Tag: Catholic retreats

  • “Changed” by Karen Theckston, Fiat Ventures

    Flicker User Tanel Teemusk

    Third Sunday of Lent

    Think back to your first Catholic retreat. Was it a mandatory Confirmation retreat your parents signed you up for in middle school? Maybe it was one you went on in high school with your friends from youth ministry or Catholic school? Or maybe you went on one on your own when you were a little older? What do you remember from that retreat?

    I went on my first retreat when I was a freshman in college. A couple of my new friends and a cute boy (spoiler alert, he’s now my husband) talked me into going on a weekend retreat in the middle of nowhere run by the Campus Catholic Ministry. I don’t remember the theme of the retreat, the talks given or what Matt Maher songs were popular that year, but I do remember leaving different. Changed. It was on that retreat that I went to confession for the first time since being confirmed over seven years prior, and I opened my heart to God’s love and joy during Eucharist Adoration like I never had before. I knew my past didn’t matter and couldn’t hold me back anymore. I was forgiven and loved, and I wanted to share my experience from that retreat with anyone who’d listen. I asked myself, “How have I gone my whole life up until that point without meeting Jesus in this way?!”
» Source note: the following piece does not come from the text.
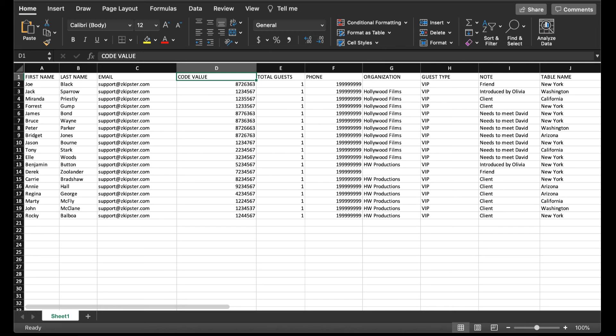You can also check in guests with the QR codes and barcodes that have been generated outside of the system using the Skipster app. First, create a custom field for the code values that you have generated outside Skipster via the Excel spreadsheet.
    Since that retreat the story of the woman at the well has been one of my favorites. Unlike images of sheep, rams, and wheat fields which can be confusing and a little harder to understand in our suburban New Jersey experience of life, this story always made sense to me. There was a woman who was a sinner and an outcast in her society. She wanted to go about her day avoiding others and any criticism they had for her. Instead, she had an encounter with Christ at the well, and she was changed. After meeting Jesus, she didn’t hide and follow her daily routine, but went into her community and shared her experience. Doing so, she changed others. She may not have understood everything Jesus said to her, but she knew that he was the Messiah and she wanted others to meet him too.

    Venerable Fulton Sheen, when commenting on the Epiphany, said, of course the Magi went home by a different route after meeting Jesus, for no one encounters Christ and goes home the same way he came. This was true for the Magi, the woman at the well, me, and anyone who encounters Christ in prayer and in the Sacraments. How can you not be changed after an encounter like that?

    This Gospel reading is read on the third Sunday of Lent every year when a Parish has adults becoming Catholic and preparing to receive the Sacraments of initiation at the Easter Vigil. It is not only during a period of final preparation for them, but also an opportunity for the rest of the community to join the elect on their journey and increase our faith this Lenten season. The women at the well reminds us of the redeeming love of God and the power that we have to change others when we boldly share our witness. Let’s not walk away from this Lent the same way we entered, but through prayer and the sacraments, we can let our hearts be changed.